Germany is a big exporter of tanks
Germany doubled the amount of its arms it sold abroad in 2004-2009, compared to that exported during the previous five-year period, according to a report by the Stockholm International Peace Research Institute (SIPRI) released Monday.
Germany is the world's third leading exporter of conventional weaponry.
Most of the German exports were armored vehicles. More than 1,700 of them were sent to 21 countries; the majority were second-hand. The most common destination was elsewhere in Europe, but some were sent to places like Singapore, China and Brazil. Germany's market share increased from 6 percent to 11 percent.
But the largest buyer of German exports was Turkey, which accounted for 14 percent of the arms shipped abroad. The second- and third-largest buyers were Greece and South Africa, respectively, followed by South Korea, Spain, Austria, Italy, Malaysia, Australia and Chile.
Developing world still a major customer
The world's largest arms exporters were the United States, Russia, Germany, France, and the United Kingdom. The ten most prolific importers were all Asian countries: China, India, South Korea, Singapore and Pakistan.

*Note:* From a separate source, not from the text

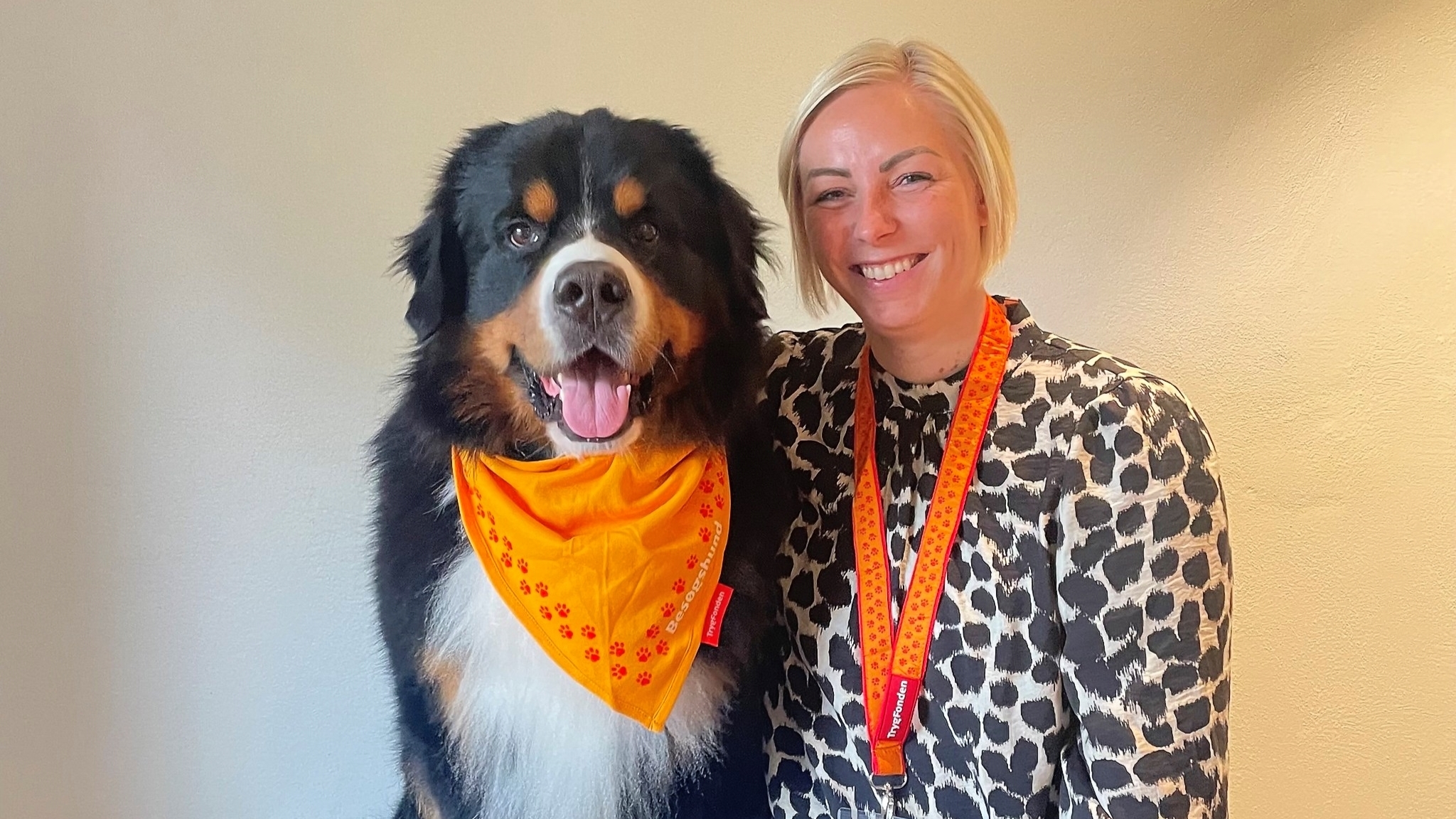 Stephanie og Cody iført deres besøgs-kit på Landlyst i Tarp. Privatfoto.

What SIPRI found most worrying was the increase in areas with regional tensions.
The institute said the volume of weapons traded to India and Pakistan had "increased significantly" in the last few years and was expected to continue. In South America, it went up 150 percent in the last five years.
"The current wave of South East Asian acquisitions could destabilize the region, jeopardizing decades of peace," the institute's Asia Expert, Siemon Wezeman, told Agence France Presse.